The Sabrimala Judgment Shows Us a Way to Make Religion More Inclusive

Religion has been a site for discrimination against many sections of the society, particularly Dalits and women, for centuries. The Supreme Court has made a dent in one such discriminatory religious practice in the Sabrimala judgment which was delivered by a constitution bench on Friday, September 28.

Every year, millions of devotees of Lord Ayyappa undertake a 41-day penance and set out on a pilgrimage to the Sabrimala mountains in Kerala, where a shrine dedicated to the deity in his celibate form is located. In this case, five SC judges of the Supreme Court were tasked with answering a highly contentious question – was it constitutionally valid to exclude women aged 10-50 years from entering and offering prayers at the Lord Ayyappa temple in Sabrimala?

The challenging part of this question had to do with violating the constitutional guarantees of equality and non-discrimination, the freedom of religion of Lord Ayyappa’s women devotees and the dignity of women. The petitioners also contended that this practice vitiated the constitutional proscription against untouchability, as women aged 10-50 were excluded owing to notions of impurity and pollution associated with menstruation.

On the other hand, the defence for the practice stated that Lord Ayappa’s male devotees’ right to practice their religion (by worshipping the celibate god in the absence of women) was constitutionally protected and could not be curtailed by the court.

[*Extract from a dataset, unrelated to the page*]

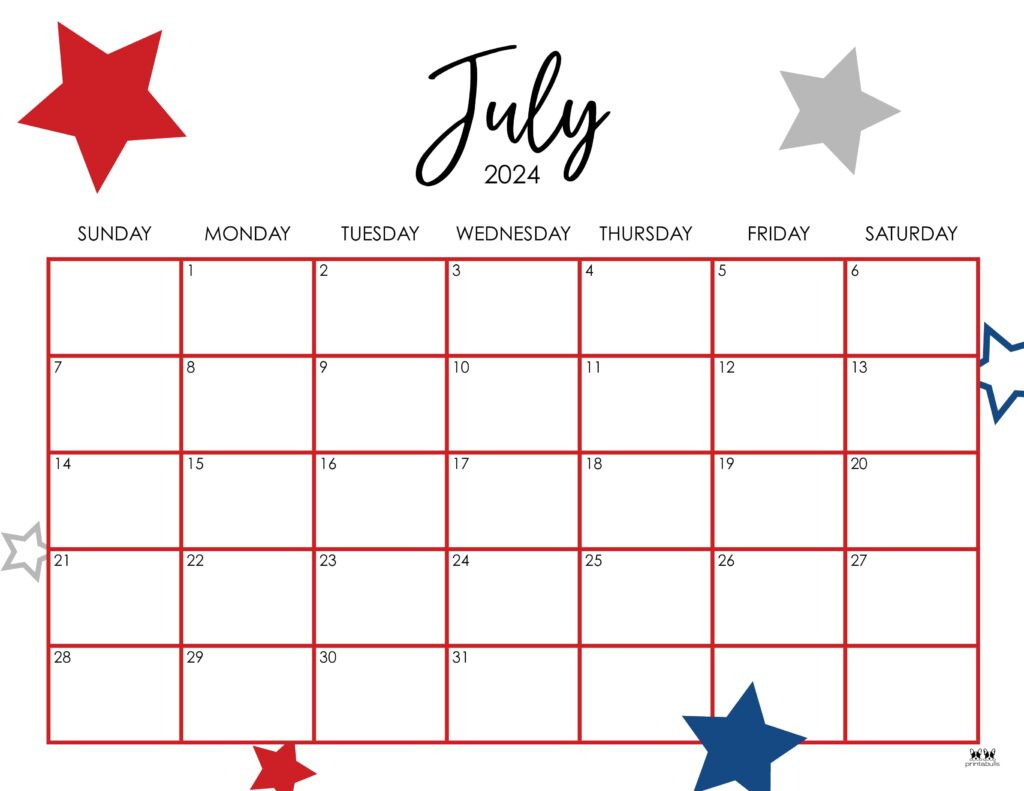 July 2024 Calendars - 50 Free Printables | Printabulls for Fun Calendar Days in July 2024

The defence also stated that women were excluded from the temple as the pilgrimage would be too arduous for women; that women’s presence could disrupt the celibacy of male devotees and the god himself; and finally that women cannot complete the 41-day penance as they would menstruate during that period, which made them impure and disentitled them from offering prayers at the Sabrimala temple.

Noting the irony of a religion which venerates women as goddesses on one hand and denies them the right to participate in certain religious practices on the other, four of the five judges struck down the practice of excluding women aged 10-50 years from offering prayers at the Sabrimala temple as unconstitutional. One judge dissented from the majority judgment, holding that this practice was permissible under our constitutional framework.

“Are women the children of a lesser god?” The majority judgments took the view that all citizens, including women, were equally entitled to the freedom of religion guaranteed by the constitution. Women’s right to offer prayers at the Sabrimala temple is as important as that of male devotees, and that the presence of women will not alter the nature of the male devotees’ right to worship Lord Ayyappa. The majority judgments found that the exclusionary practice violated women’s fundamental right against discrimination as well as constitutional morality because the reasons for excluding women were paternalistic, the practice stereotyped women on the basis of their sexuality and placed the burden of male devotees’ celibacy on the women by painting them as ‘seductresses’ and a source of distraction.

Significantly, the court found that barring women from entering the Sabrimala temple because of menstruation is not permissible. Justice Nariman noted that apart from the Dharmasutra and Bhagavata Purana, the Old Testament and the Qur’an forbid menstruating women from participating in religious activity. One of the four judges, Justice Chandrachud, additionally found that the exclusionary practice was based on the notion that menstruating women were impure, which violated the constitutional provision forbidding untouchability in all forms. The dissenting judge, Justice Malhotra, however, was of the view that courts ought not to interfere in deeply religious matters, with no mention on how the practice of exclusion was inextricably linked with menstrual taboos.

The judgment has far-reaching implications, not only on religious practices which exclude women and other groups from partaking in them, but it also opens to door to end customs and practices – both religious and secular – that discriminate against women on the basis of menstruation and associated myths.

As an interesting aside, the question of whether women should participate in religious practices that perpetuate patriarchy has divided feminists for years now. While some identify institutionalised religion as inherently oppressive and propound the outright disavowal of religion, others have recognised the significant role religion plays in women’s lives and have called for changes to ensure that religions are rid of their discriminatory practices to enable all groups to practice the faith they choose.

The importance of religion is underscored in Indian society where it undoubtedly has a major influence in the daily lives of its citizens. This is the reason why the constitutionally guaranteed freedom of religion is applicable to all and must be exercised in a manner that is consistent with constitutional morality, as opposed to societal morality and other fundamental rights.

In the words of Justice Chandrachud, the constitution cannot be used as an “instrument for the perpetuation of patriarchy.” Here’s hoping that the administrators of religions (predominantly upper-caste males) use this opportunity to introspect whether ‘spiritual well-being’ can be attained while excluding sections of the society from partaking in their religious practices.

Shreya Munoth is a Delhi-based lawyer.